Python3.0 has more duplication in source code than Python2.5

T

Terry

I used a CPD (copy/paste detector) in PMD to analyze the code
duplication in Python source code. I found that Python3.0 contains
more duplicated code than the previous versions. The CPD tool is far
from perfect, but I still feel the analysis makes some sense.

|Source Code | NLOC | Dup60 | Dup30 | Rate60 | Rate 30
|
Python1.5(Core) 19418 1072 3023 6% 16%
Python2.5(Core) 35797 1656 6441 5% 18%
Python3.0(Core) 40737 3460 9076 8% 22%
Apache(server) 18693 1114 2553 6% 14%

NLOC: The net lines of code
Dup60: Lines of code that has 60 continuous tokens duplicated to other
code (counted twice or more)
Dup30: 30 tokens duplicated
Rate60: Dup60/NLOC
Rate30: Dup30/NLOC

We can see that the common duplicated rate is tended to be stable. But
Python3.0 is slightly bigger than that. Consider the small increase in
NLOC, the duplication rate of Python3.0 might be too big.

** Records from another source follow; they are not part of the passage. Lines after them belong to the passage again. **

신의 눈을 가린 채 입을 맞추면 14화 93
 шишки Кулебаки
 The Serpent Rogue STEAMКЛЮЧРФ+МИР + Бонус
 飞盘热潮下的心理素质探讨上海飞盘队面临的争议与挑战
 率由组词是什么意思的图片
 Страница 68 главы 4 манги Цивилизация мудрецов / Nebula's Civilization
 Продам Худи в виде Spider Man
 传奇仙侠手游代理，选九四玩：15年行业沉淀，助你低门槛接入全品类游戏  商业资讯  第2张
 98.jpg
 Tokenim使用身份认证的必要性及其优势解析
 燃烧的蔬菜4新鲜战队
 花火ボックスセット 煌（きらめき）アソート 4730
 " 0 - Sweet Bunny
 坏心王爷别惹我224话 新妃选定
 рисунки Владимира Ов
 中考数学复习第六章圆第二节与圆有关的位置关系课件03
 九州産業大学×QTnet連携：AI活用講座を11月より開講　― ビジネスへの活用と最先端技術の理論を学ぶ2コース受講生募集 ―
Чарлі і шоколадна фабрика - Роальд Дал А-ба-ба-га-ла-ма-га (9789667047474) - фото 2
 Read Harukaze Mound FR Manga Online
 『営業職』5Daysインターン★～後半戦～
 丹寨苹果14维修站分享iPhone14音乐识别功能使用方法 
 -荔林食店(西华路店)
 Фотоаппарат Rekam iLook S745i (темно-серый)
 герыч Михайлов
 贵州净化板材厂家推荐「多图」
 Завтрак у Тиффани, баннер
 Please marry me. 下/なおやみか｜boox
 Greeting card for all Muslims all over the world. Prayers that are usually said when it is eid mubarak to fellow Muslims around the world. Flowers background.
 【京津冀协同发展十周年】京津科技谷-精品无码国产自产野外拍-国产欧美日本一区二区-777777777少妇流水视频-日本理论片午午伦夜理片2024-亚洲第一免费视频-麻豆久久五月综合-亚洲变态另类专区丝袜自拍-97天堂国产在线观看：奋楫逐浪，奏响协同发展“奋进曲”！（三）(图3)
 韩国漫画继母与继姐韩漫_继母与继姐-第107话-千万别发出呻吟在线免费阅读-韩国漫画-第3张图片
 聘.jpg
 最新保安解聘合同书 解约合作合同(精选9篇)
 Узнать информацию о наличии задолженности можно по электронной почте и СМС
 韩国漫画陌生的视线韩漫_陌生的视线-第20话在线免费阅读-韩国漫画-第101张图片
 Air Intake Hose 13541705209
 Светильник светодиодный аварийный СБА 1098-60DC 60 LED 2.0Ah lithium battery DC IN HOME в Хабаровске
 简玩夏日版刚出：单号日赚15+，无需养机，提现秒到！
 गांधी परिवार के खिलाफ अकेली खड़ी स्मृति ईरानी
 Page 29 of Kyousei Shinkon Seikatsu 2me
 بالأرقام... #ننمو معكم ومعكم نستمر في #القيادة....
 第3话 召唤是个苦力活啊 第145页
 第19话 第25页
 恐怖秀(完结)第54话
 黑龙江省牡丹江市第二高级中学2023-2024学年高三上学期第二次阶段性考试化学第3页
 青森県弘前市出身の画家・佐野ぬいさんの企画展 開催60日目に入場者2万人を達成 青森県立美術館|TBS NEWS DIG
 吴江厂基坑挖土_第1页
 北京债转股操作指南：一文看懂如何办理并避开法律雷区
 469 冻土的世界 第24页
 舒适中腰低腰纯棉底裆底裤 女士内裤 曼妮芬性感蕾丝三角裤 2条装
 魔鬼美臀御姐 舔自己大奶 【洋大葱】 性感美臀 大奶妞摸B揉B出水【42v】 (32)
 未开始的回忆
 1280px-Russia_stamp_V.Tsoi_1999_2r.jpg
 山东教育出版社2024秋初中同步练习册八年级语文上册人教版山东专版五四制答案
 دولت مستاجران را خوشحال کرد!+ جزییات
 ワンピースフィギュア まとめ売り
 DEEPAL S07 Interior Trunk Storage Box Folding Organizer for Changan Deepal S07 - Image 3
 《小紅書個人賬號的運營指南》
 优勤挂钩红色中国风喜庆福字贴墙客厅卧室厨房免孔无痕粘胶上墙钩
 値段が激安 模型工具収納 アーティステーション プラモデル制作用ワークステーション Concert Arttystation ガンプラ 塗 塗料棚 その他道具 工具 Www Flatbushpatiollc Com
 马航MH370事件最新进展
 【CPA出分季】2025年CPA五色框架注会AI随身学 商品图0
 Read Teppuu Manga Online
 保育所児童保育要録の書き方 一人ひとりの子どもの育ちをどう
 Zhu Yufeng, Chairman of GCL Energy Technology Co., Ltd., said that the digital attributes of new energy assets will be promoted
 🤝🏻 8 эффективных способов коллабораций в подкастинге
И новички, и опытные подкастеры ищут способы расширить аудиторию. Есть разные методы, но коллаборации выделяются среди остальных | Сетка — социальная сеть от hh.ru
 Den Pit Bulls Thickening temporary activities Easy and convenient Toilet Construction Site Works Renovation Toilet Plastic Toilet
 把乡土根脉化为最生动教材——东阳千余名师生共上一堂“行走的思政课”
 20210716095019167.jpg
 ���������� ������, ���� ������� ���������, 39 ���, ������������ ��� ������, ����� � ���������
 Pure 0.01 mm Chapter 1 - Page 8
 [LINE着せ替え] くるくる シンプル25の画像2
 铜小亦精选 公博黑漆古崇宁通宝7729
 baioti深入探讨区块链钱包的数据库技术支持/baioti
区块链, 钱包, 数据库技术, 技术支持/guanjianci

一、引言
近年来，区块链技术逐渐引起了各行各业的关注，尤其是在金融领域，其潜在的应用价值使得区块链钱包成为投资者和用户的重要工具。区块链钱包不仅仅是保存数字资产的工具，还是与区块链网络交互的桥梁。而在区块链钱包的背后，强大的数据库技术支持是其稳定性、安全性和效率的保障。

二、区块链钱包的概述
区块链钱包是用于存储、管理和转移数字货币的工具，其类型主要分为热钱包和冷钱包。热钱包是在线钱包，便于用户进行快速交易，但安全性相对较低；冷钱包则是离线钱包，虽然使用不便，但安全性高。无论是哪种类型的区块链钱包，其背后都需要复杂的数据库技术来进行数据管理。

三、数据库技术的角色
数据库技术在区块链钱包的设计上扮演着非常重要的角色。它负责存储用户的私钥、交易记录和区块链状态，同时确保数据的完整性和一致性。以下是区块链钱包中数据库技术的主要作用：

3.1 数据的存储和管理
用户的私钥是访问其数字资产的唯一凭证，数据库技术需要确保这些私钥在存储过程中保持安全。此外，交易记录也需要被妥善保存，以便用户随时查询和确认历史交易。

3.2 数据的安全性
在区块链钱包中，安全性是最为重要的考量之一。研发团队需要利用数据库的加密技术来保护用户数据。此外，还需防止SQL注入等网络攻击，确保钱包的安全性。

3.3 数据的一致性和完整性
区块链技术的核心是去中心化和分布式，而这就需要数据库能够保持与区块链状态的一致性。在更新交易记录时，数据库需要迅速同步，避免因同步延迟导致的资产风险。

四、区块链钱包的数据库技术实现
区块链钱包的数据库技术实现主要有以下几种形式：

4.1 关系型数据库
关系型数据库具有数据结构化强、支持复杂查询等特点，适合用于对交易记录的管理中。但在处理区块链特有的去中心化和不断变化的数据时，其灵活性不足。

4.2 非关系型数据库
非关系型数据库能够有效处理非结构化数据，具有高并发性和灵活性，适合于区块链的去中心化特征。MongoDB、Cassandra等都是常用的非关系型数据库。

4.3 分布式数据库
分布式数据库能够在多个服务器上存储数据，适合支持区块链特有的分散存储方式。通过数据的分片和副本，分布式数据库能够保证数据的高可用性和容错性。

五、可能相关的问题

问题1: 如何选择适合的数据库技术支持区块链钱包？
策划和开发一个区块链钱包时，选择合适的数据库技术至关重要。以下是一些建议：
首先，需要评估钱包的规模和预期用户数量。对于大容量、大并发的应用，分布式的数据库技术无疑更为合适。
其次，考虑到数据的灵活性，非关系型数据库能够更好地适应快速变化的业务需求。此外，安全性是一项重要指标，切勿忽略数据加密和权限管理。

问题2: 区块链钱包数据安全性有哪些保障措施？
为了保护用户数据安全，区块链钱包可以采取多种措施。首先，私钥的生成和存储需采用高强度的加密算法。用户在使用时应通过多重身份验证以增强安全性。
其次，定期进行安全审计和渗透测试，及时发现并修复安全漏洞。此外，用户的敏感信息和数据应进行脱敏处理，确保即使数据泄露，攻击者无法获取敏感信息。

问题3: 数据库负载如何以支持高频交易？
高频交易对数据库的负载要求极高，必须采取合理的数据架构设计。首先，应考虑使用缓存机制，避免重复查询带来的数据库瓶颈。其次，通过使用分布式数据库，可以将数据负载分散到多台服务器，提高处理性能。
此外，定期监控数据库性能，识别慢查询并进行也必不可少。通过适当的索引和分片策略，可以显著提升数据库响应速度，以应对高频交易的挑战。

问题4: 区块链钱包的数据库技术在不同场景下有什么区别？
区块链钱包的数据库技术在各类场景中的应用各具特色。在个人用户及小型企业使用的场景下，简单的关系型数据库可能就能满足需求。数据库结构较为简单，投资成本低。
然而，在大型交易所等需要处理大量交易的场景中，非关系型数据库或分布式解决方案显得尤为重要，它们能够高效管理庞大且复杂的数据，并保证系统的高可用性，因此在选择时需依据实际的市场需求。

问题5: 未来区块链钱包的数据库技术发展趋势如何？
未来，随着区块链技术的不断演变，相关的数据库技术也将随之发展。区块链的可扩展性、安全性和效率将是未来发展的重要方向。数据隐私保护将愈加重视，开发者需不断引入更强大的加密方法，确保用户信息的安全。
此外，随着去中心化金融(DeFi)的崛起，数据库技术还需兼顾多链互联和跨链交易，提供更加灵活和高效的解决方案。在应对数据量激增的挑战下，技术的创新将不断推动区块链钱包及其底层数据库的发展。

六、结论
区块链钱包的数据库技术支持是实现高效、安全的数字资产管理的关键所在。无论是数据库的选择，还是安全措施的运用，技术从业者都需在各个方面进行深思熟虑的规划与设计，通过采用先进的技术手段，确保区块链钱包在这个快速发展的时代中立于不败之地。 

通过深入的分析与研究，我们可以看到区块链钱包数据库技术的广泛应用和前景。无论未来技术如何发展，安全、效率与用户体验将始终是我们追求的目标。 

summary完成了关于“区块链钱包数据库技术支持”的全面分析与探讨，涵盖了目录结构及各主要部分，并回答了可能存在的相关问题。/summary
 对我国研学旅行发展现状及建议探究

Does that say something about the code quality of Python3.0?
 
M

Martin v. Löwis

Does that say something about the code quality of Python3.0?

Not necessarily. IIUC, copying a single file with 2000 lines
completely could already account for that increase.

It would be interesting to see what specific files have gained
large numbers of additional files, compared to 2.5.

Regards,
Martin
 
T

Terry

Not necessarily. IIUC, copying a single file with 2000 lines
completely could already account for that increase.

It would be interesting to see what specific files have gained
large numbers of additional files, compared to 2.5.

Regards,
Martin

But the duplication are always not very big, from about 100 lines
(rare) to less the 5 lines. As you can see the Rate30 is much bigger
than Rate60, that means there are a lot of small duplications.
 
D

Diez B. Roggisch

Terry said:
But the duplication are always not very big, from about 100 lines
(rare) to less the 5 lines. As you can see the Rate30 is much bigger
than Rate60, that means there are a lot of small duplications.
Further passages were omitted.